PC12 cells were fixed in 4% paraformaldehyde. Then, PC12 cells were treated with 0.2% Triton X-100 (Solarbio) to make them permeable. Thereafter, they were blocked with diluted 5% BSA (Sigma) for 30 min. Subsequently, the cells were incubated with the primary antibodies overnight at 4 °C. After washing with PBS, the cells were dark incubated with the fluorescent secondary antibody for 1 h at room temperature. Then, the cell nuclei were re-stained with DAPI for 15 min. Finally, a confocal fluorescence microscope (Leica, TCS SP8) was used to obtain fluorescence images.

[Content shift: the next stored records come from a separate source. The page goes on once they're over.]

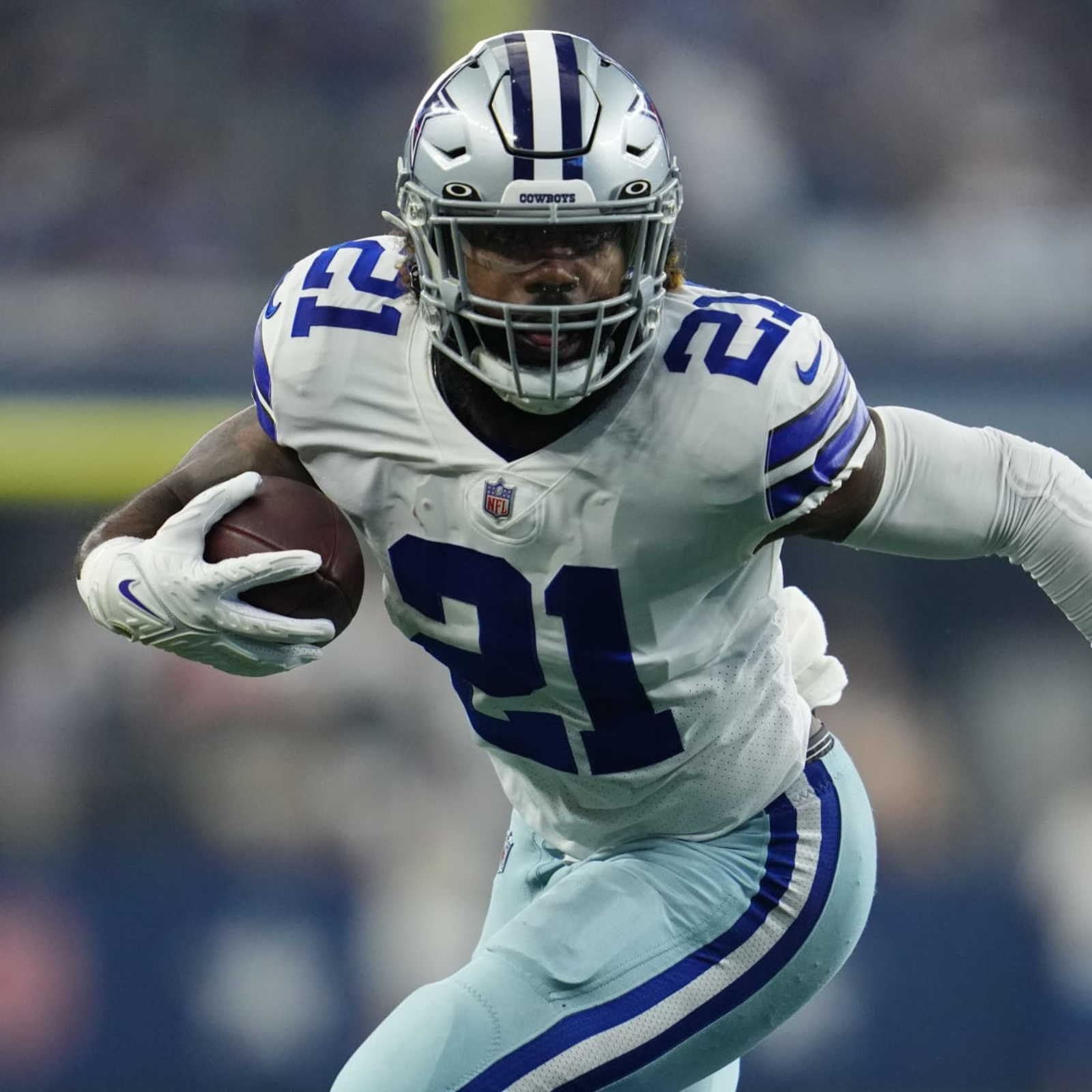 Ezekiel Elliott Fantasy Forecast 2022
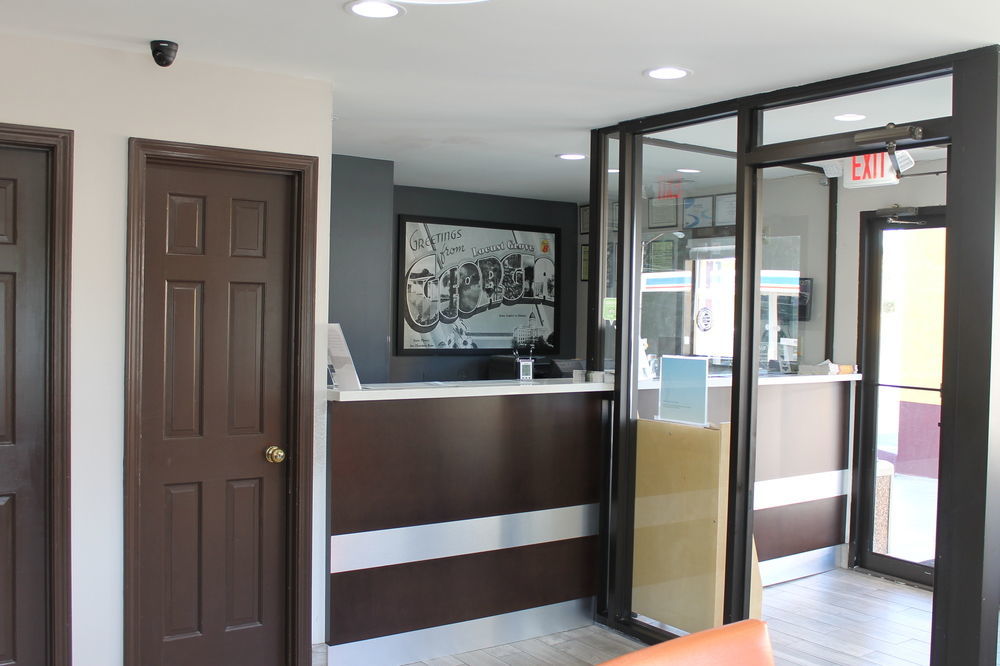 Super 8 By Wyndham Locust Grove Exterior foto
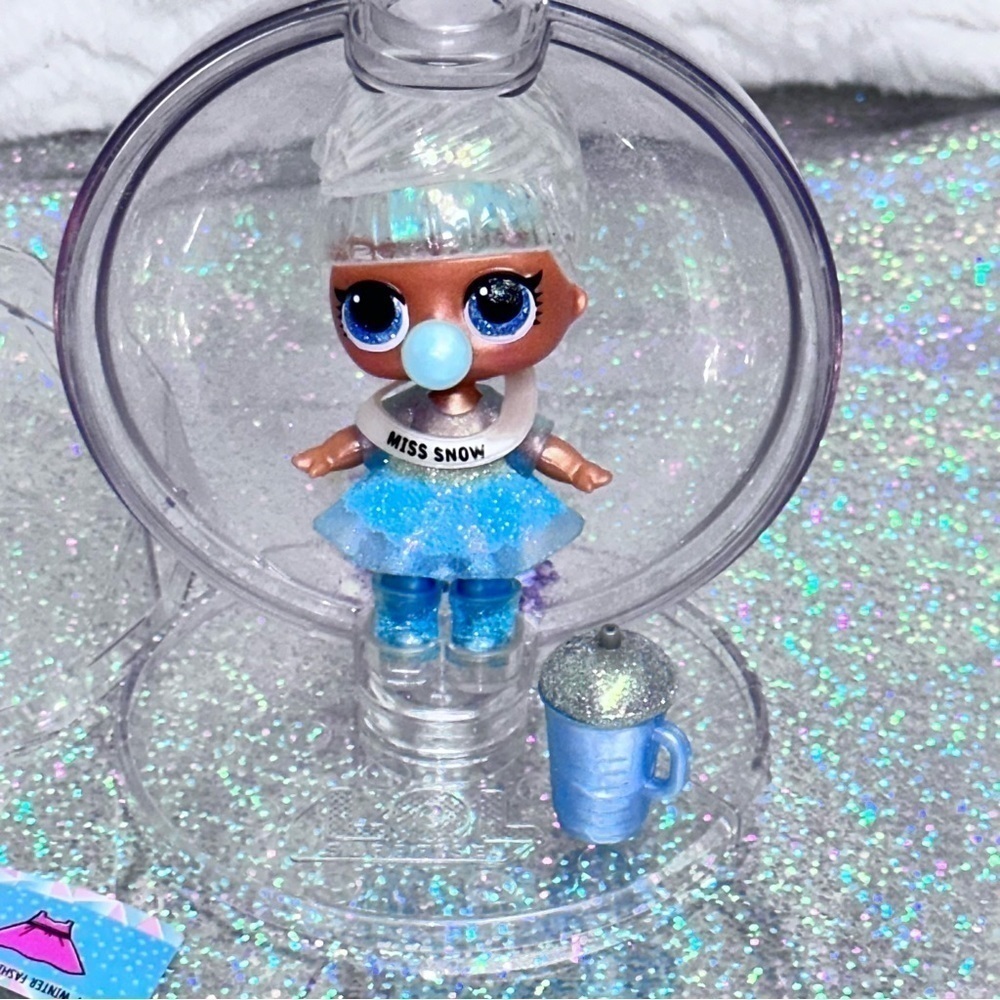 L.O.L. SURPRISE! MISS SNOW Glitter Globe Winter Disco Doll
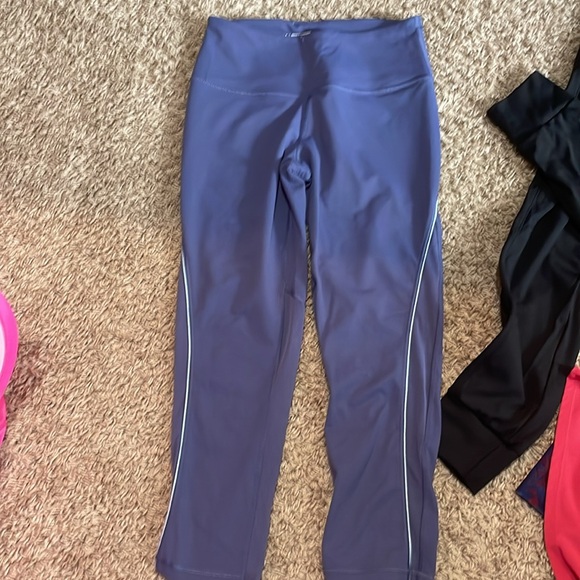 Athletic Bundle! 4 leggings and 1 Under Armour Dri-fit like shirt. Size small - Picture 3 of 12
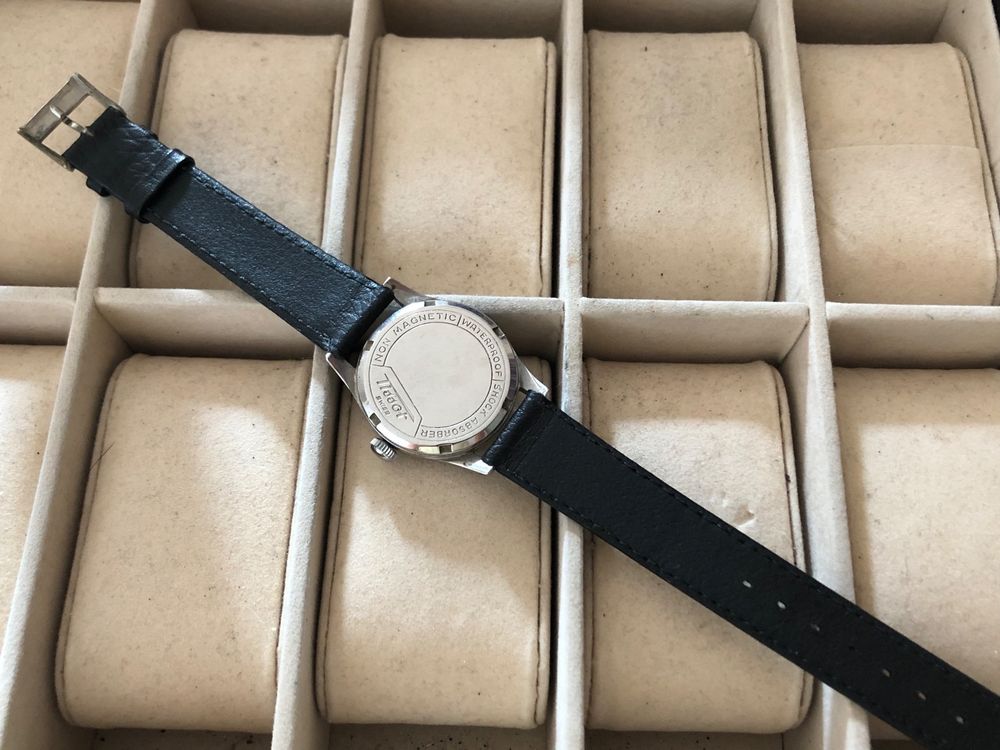 Montre Tissot Vintage à Remontage Manuel Mécanique - Pour Homme - Fonctionne Bien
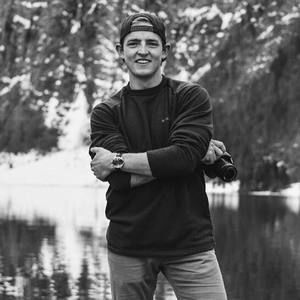 Meet your Posher, Zach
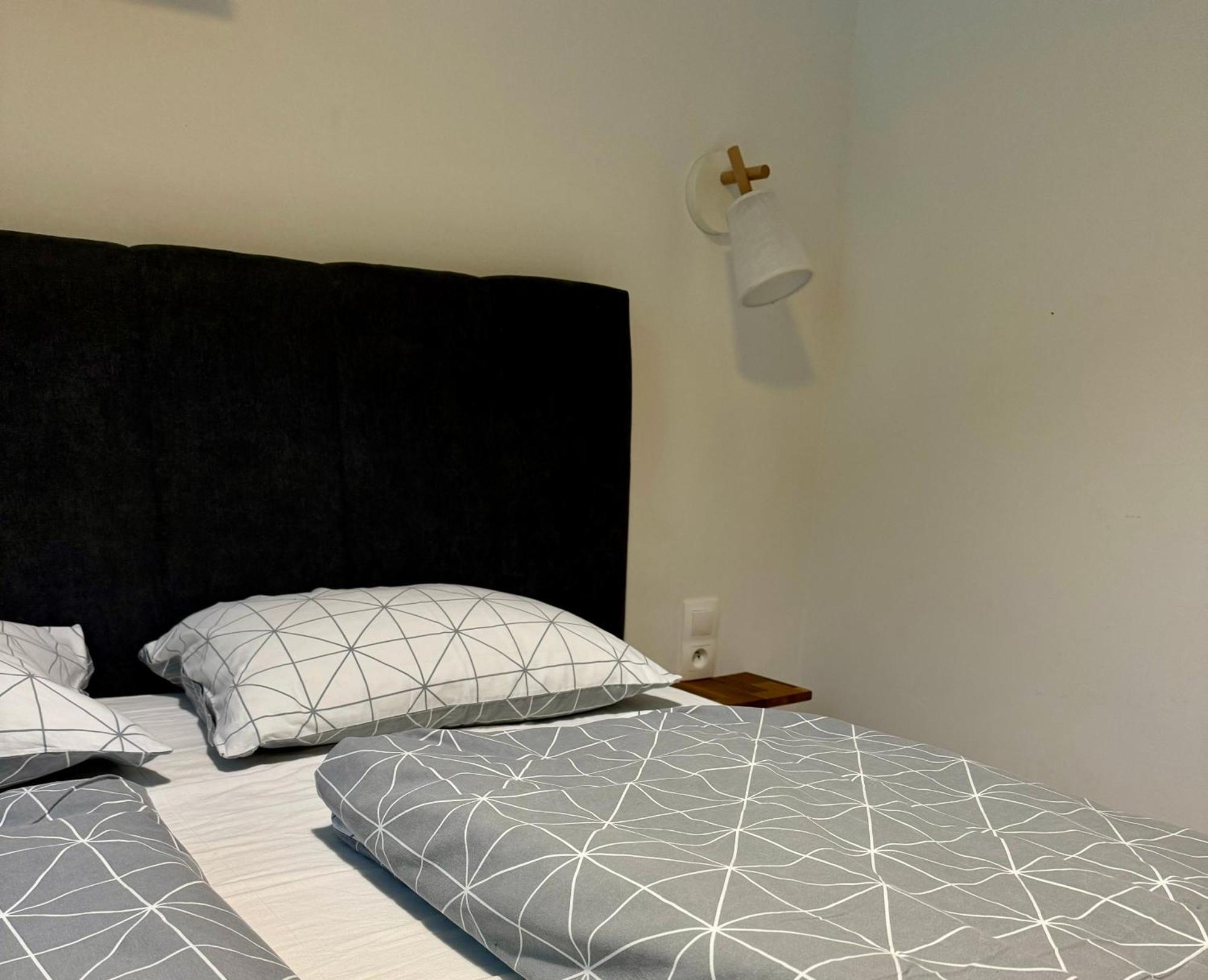 Lovely 1-Bedroom Vacation Home With Free Parking Демановска Долина Екстериор снимка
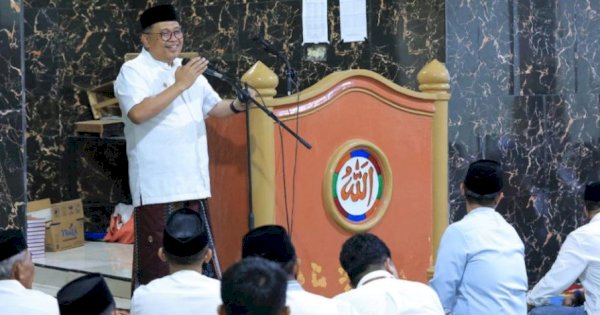 Safari Ramadan Perdana, Bupati Takalar Serahkan Bantuan dan Ajak Warga Perkuat Pendidikan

Transmission electron microscope

PC12 cells were collected and fixed with pre-chilled 2% glutaraldehyde solution at 4 °C for 2 h. Then, the cells were stained with 2% uranyl acetate solution for 2 h and dehydrated in 50%, 70%, 90%, and 100% acetone. Finally, cells were embedded and prepared into ultrathin sections for measurement by an electron microscope (Hitachi, HT7700).

Statistical analysis

All data are expressed as mean ± standard deviation. Data from at least three independent replicates were analyzed using SPSS software (version 25.0) and Prism v8.0 software (GraphPad). Differences between multiple groups were assessed using ANOVA, followed by Tukey’s multiple comparison test. p < 0.05 was considered statistically significant.